Он сосредоточенно пролистывал свои бумаги.

Совещание закончилось.

Через несколько минут Елена, которая говорила с представителем армейской службы пропаганды, остановила Смоленцева на выходе из совещательной комнаты:

– Я попрошу вас, Виктор…

– Слушаю вас…

Тон талантливого ведущего был труднопереводим, он, вероятнее всего, говорил: «Дело ваше, Елена Борисовна, если вы решили увеличить между нами дистанцию.

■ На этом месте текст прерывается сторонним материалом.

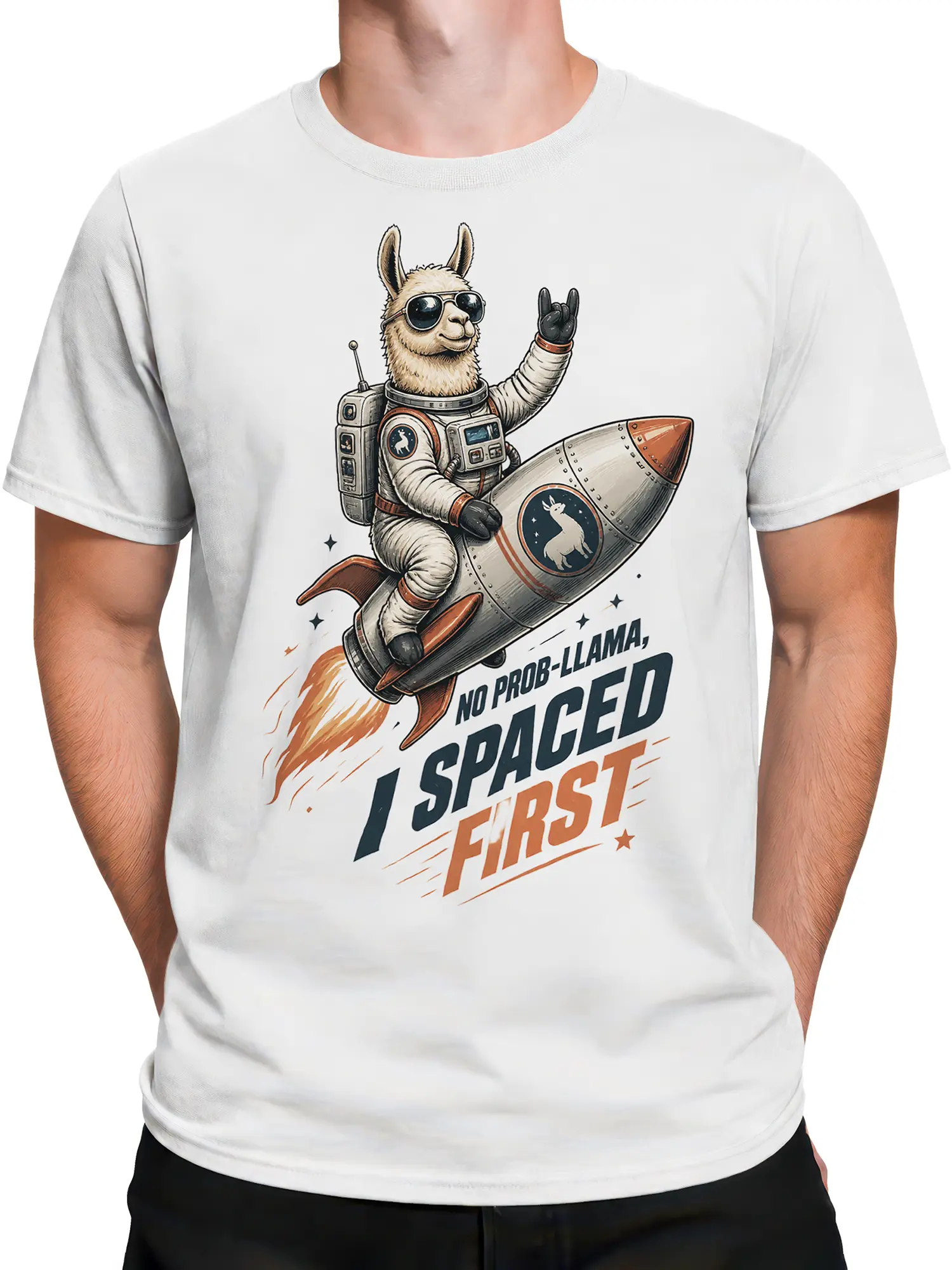 Male torso wearing a white llama space T-shirt with astronaut artwork and playful rocket lettering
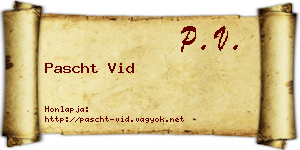 Pascht Vid névjegykártya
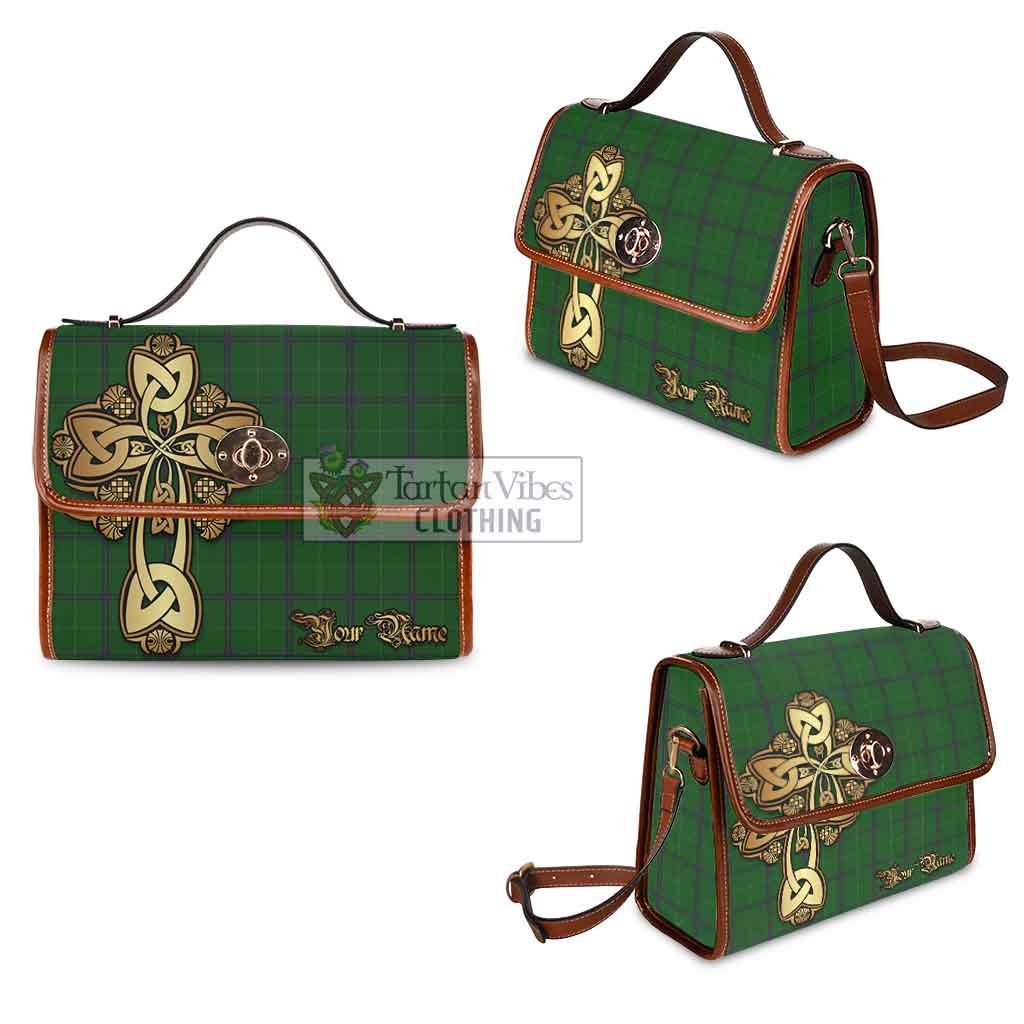 Tartan Vibes Clothing Walters Tartan Waterproof Canvas Bag Golden Thistle Celtic Cross Style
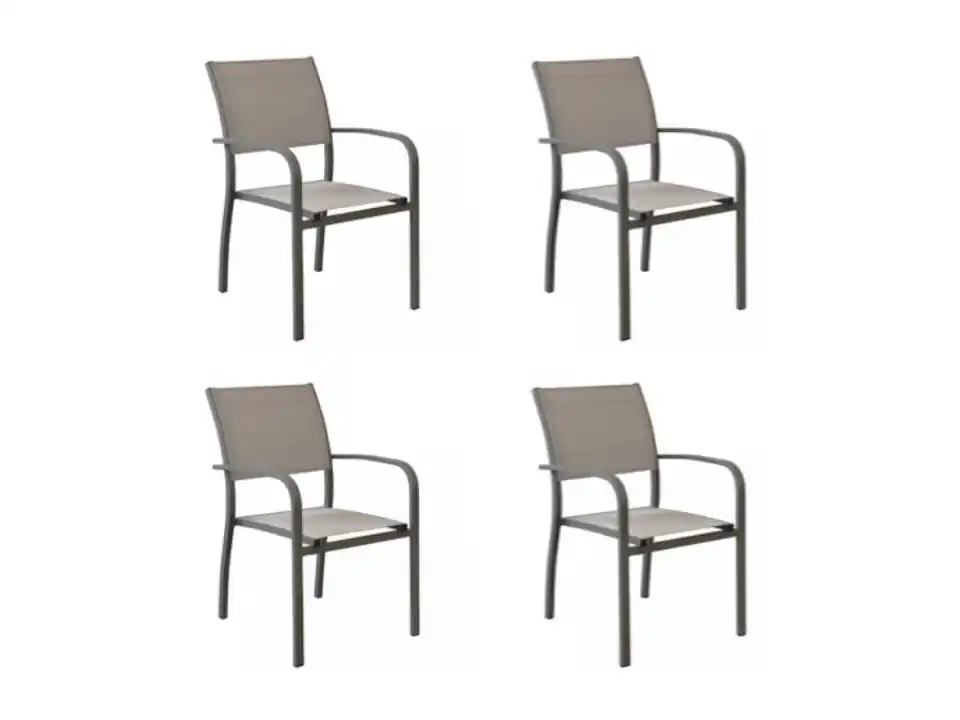 Set 4 poltrone savannah impilabili taupe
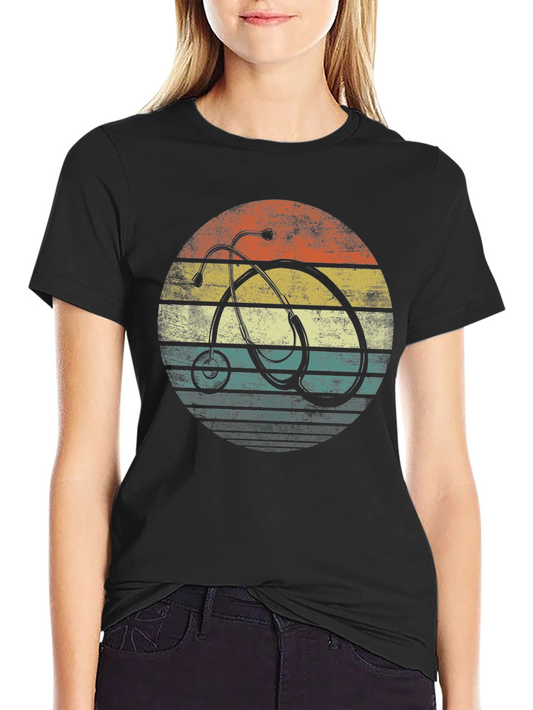 Vintage Stethoscope Graphic Tee - Doctor Nurse Medical Shirt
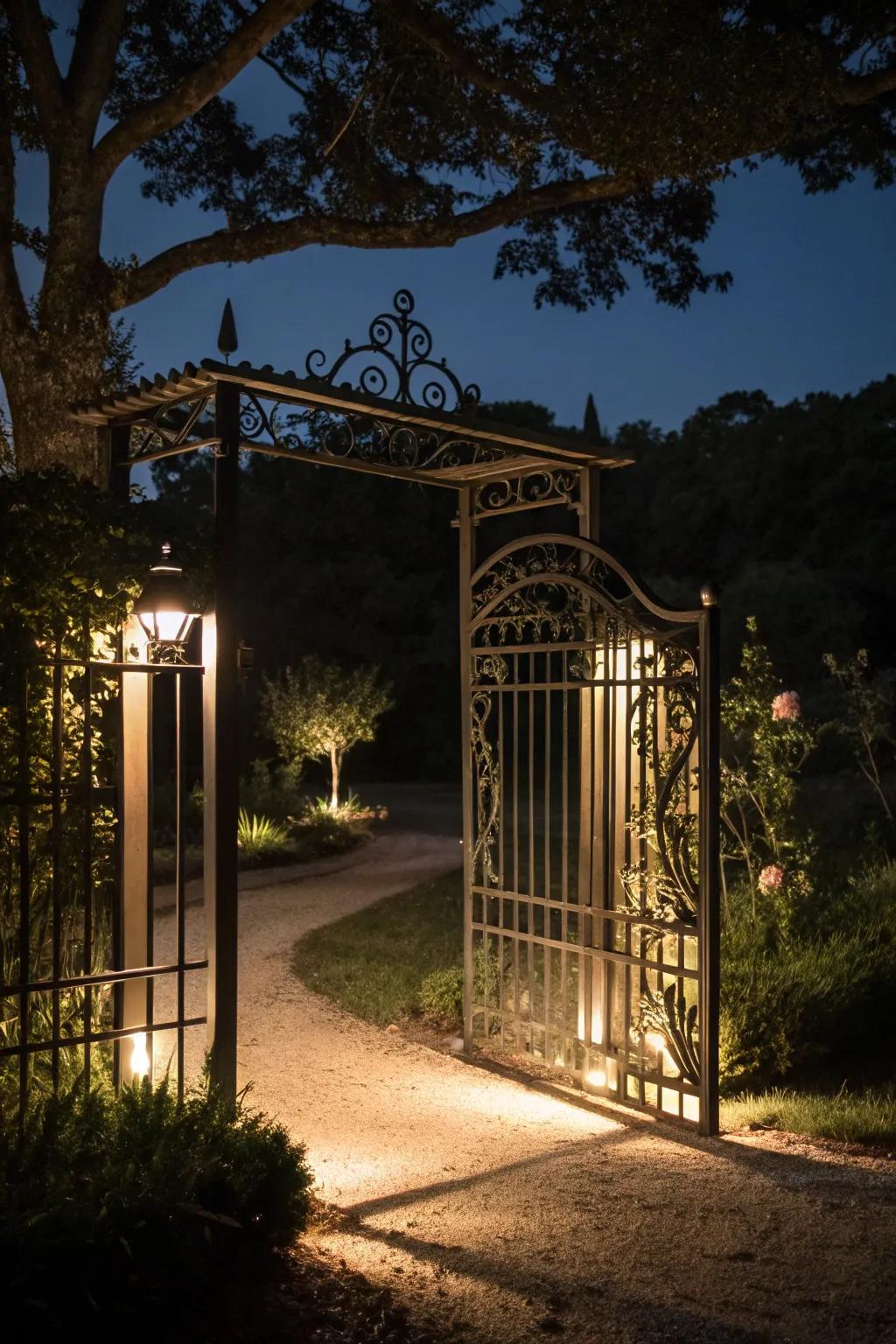 Solar-powered doors illuminate the night imbued with style.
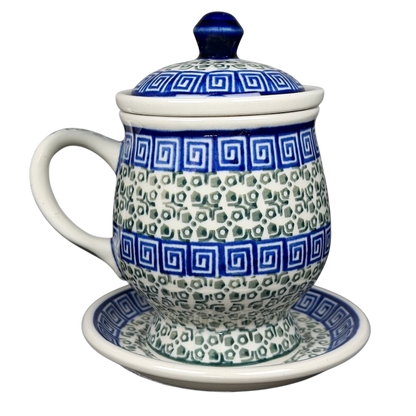 Ceramika Artystyczna Polish Pottery Tea Infuser Brewing Boleslawiec Mug with Ceramic Lid and Matching Saucer
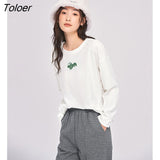 Women Tees 2022 Autumn Long Sleeve O Neck Loose T-shirt Funny Print Pure Cotton Basic Casual Streetwear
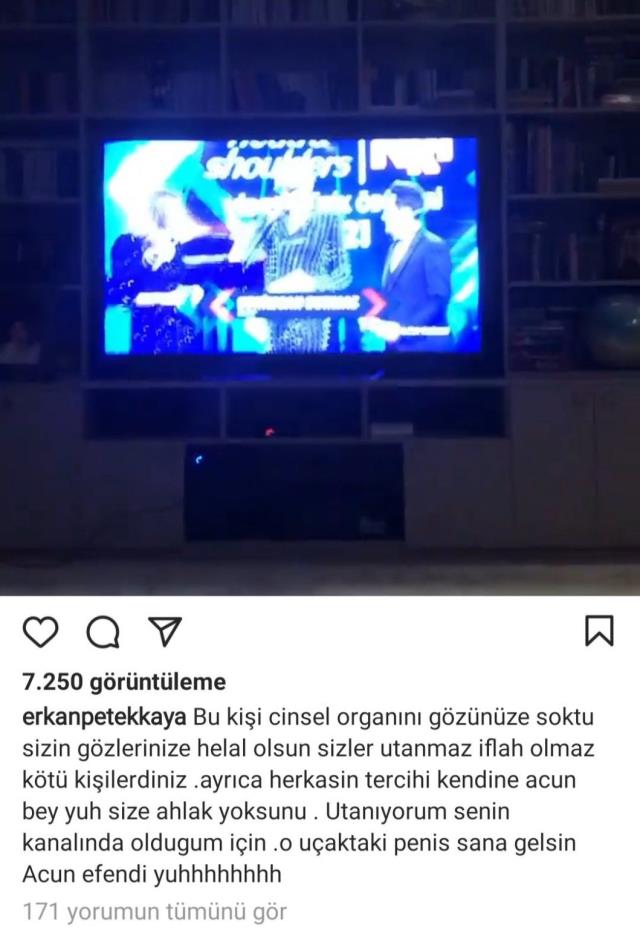 TV8'de yayınlanan törende Kerimcan'a ödül verildiğini gören Erkan Petekkaya, Acun Ilıcalı'ya demediğini bırakmadı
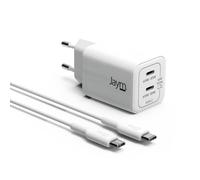 JAYM® GaN 65 W + cavo USB-C 2 m 100 W doppio USB-C ricarica rapida PD PPS per MacBook Pro, iPad, PC portatile, iPhone 17/16, Samsung S26/S25
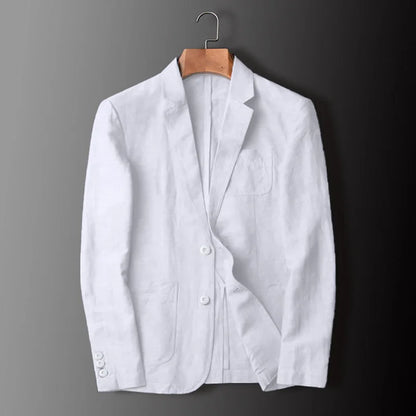 Sleek men's cream lightweight blazer. Professional yet casual jacket, perfect for versatile outerwear and smart looks.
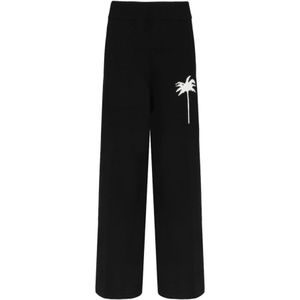 Palm Angels, Dames, Broeken, Zwart, Maat: L Zijde,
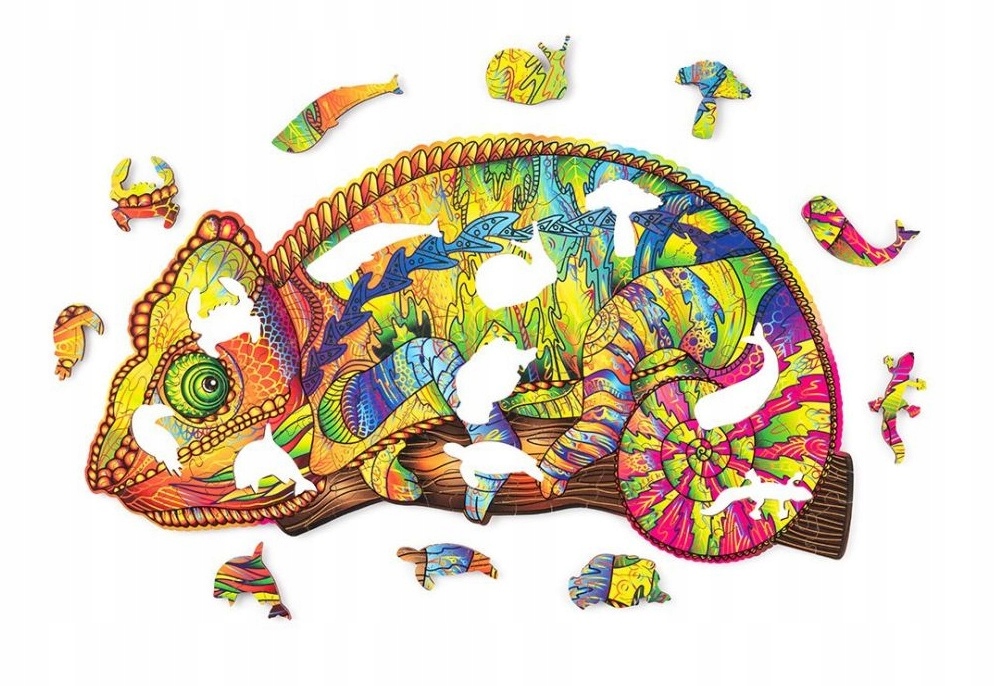 

Drewniana ukladanka Kolorowe puzzle Kameleon 143el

Не знаю, чем вызвано это похолодание, но, воля ваша, – я как-нибудь переживу этот каприз или интригу».

Елена Монастырская избегала встречаться с ним взглядом:

– Вы должны были подготовить список…

– Вот он, – протянул Смоленцев листок.

Елена, не глядя, вложила документ в папку и нейтральным тоном продолжила:

– Я жду вас у себя через пятнадцать минут. Аудиенция у Президента может состояться приблизительно через полчаса. Если, конечно, возникнет необходимость. Мы должны быть готовы к разговору.

– Хорошо, – ответил Смоленцев, без интереса глядя куда-то в сторону…

На этом они расстались.

Он прошел по длинному коридору в сторону холла – вместе с последними из участников совещания. Среди них почти не было женщин, Елена предпочитала работать с мужчинами. Как, впрочем, предпочитают многие женщины – особенно те, у которых мужской склад ума.

Его окликнул по пути Наумченко, и после недолгого торга Смоленцев, пользуясь его приподнятым настроением, просто-таки выцыганил двенадцать часов дорогущей павильонной съемки, и это примирило его до некоторой степени с потерей блестящей идеи.

Виктор наконец прикурил сигарету (об этом он просто-таки мечтал последние полчаса), которую по привычке разминал в пальцах на протяжении всего разговора с Наумченко, и скрылся в комнате для курения: Монастырская с полгода назад бросила курить и теперь, как это бывает, совершенно не выносила табачного дыма. На совещании она однажды предложила закурившему (забылся – бедолага – и едва не попал в опалу) выйти, если тому невтерпеж, на время в курилку, а потом вернуться. После этого все предпочитали терпеть.

Увидев вошедшего Виктора, из кресла в курительной комнате резко поднялся Олег Глушко и, затушив в пепельнице длинный окурок, не глядя на бывшего товарища, не сказав и слова, быстро вышел из помещения.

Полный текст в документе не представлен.